In the first part of this study, we examined the controversy surrounding the premiums and discounts in fixed-income ETFs.

The piece reviewed how and why those premiums developed. It also looked at the oft-cited case of the iShares High Yield Bond ETF (HYG) during the credit crunch of 2008. During that period, HYG traded at wild premiums and discounts to its underlying NAV, causing many to wonder if fixed-income ETFs make sense for any category of bond. (See Part 1 here.)

In this second and concluding portion of our analysis, we take an in-depth look at that question by providing a breakdown of premium/discount data in various corners of the fixed-income market.

HYG’s performance during the market meltdown is interesting, but ultimately, doesn’t tell us much about the typical experience of an investor in a bond ETF. HYG captures the most illiquid segment of the bond market, and October 2008 was a uniquely illiquid period in the history of the bond market.

To find out how ETFs perform during more normal periods, we examined the premiums/discounts for all relevant domestic fixed-income ETFs during the second quarter of 2009.

The study compared the closing bid/ask midpoint to the net asset value for the funds on each day of the quarter. It excluded Vanguard ETFs, which operate as share classes of Vanguard’s fixed-income mutual funds and thus have different trading characteristics than other bond ETFs. It also excluded money market funds, as well as actively managed ETFs, where premiums and discounts would naturally be more variable.

Finally, it excluded international fixed-income funds, since the premium/discount information here is irrelevant: Premiums and discounts are calculated by comparing the closing price of the ETF with the net asset value of the funds’ underlying holdings. For international funds, the NAV freezes when the domestic markets close. For a fund holding European Treasuries, for instance, the NAV would be based on prices at 10 a.m.

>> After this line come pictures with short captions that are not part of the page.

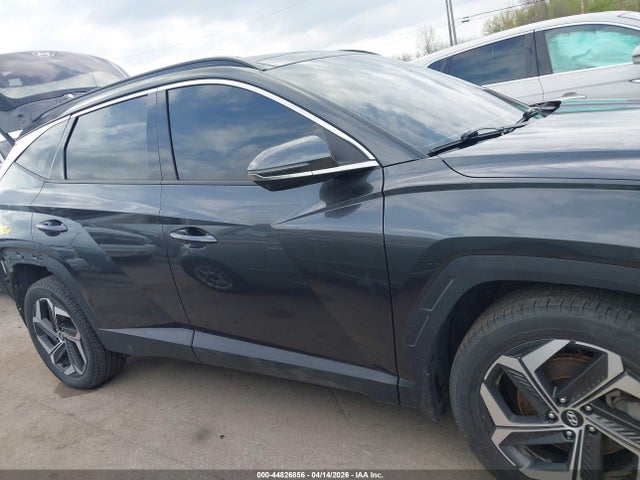 Hyundai TUCSON Limited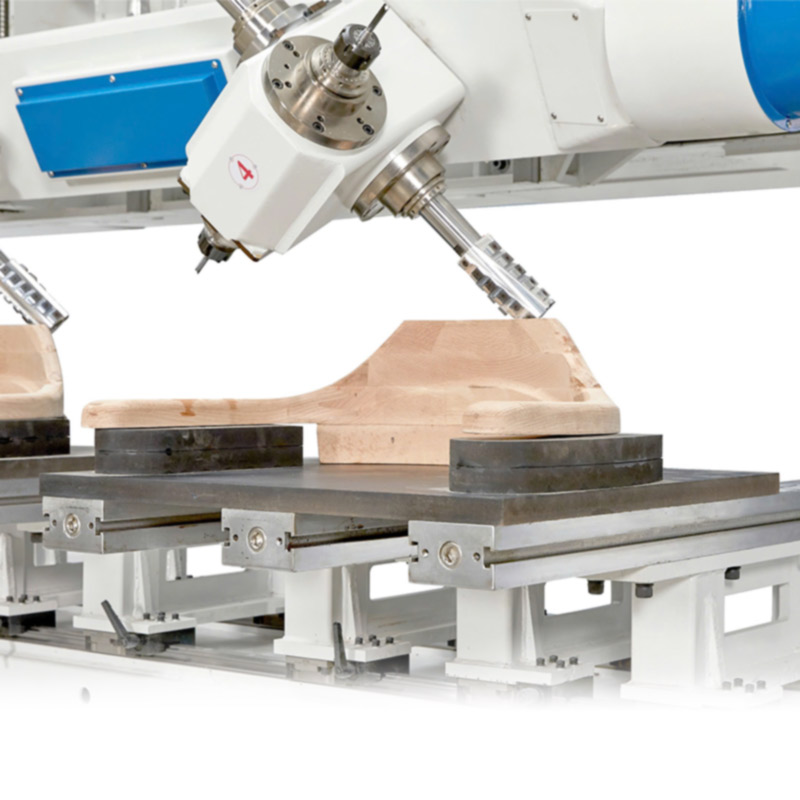 MÁY CNC 3D 5 TRỤC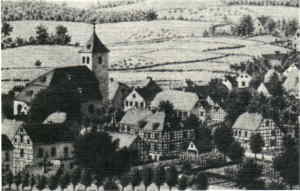 Neubau vor 1890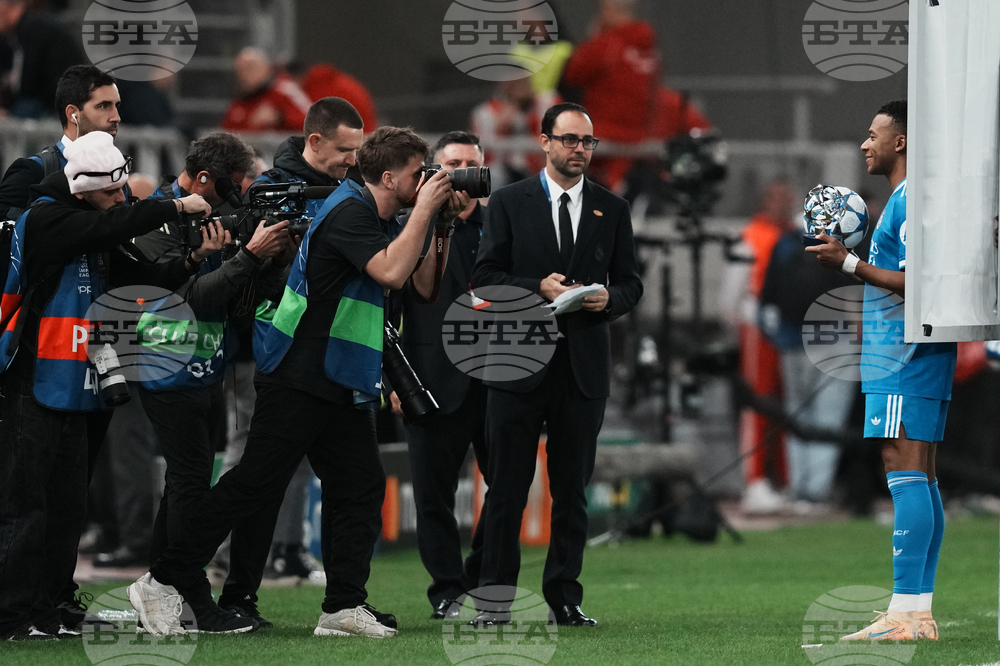 Greece Champions League Soccer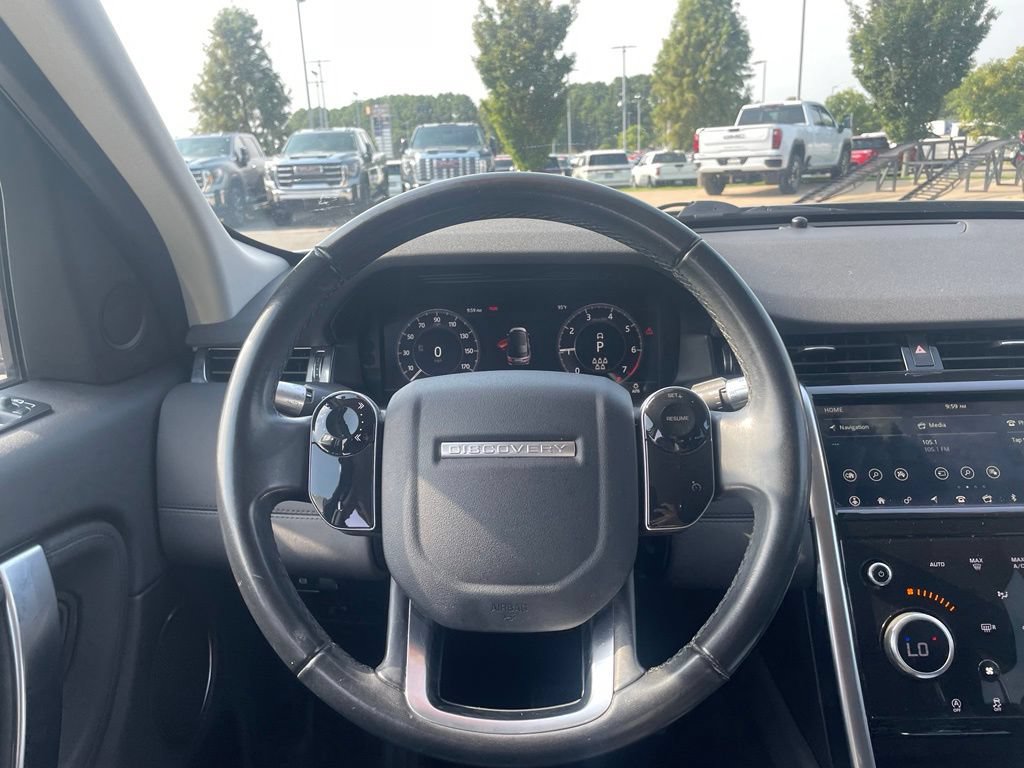 Used 2020 Land Rover Discovery Sport S AWD/4WD image 26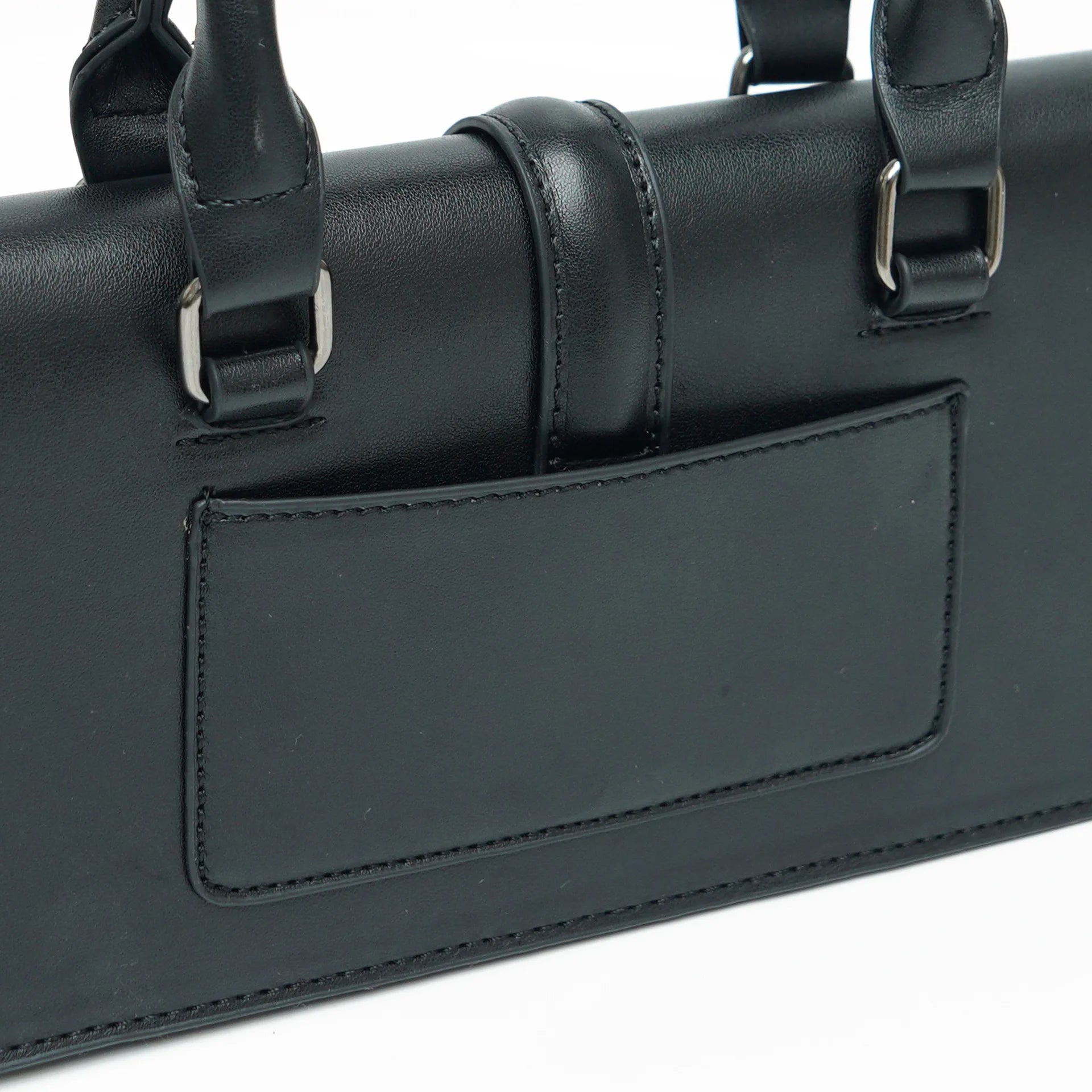 Mini Square Crossbody Bags for Women - High Handle Shoulder Bag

ET (when European markets close), while the ETF will trade until 4 p.m. It’s not apples-to-apples.

The study shows one thing very clearly: Asset class matters when trading fixed-income ETFs.

The more liquid the underlying market, the lower the average premiums and discounts. The study also highlights a technical glitch in the bond market: ETFs tended to close almost exclusively at a premium to NAV, rarely dipping into discount mode. This is nearly baked in by design: Bond prices are marked on the “bid” when calculating net asset values, while premiums and discounts are measured based on the closing midpoint of the bid and the offer for the ETF itself.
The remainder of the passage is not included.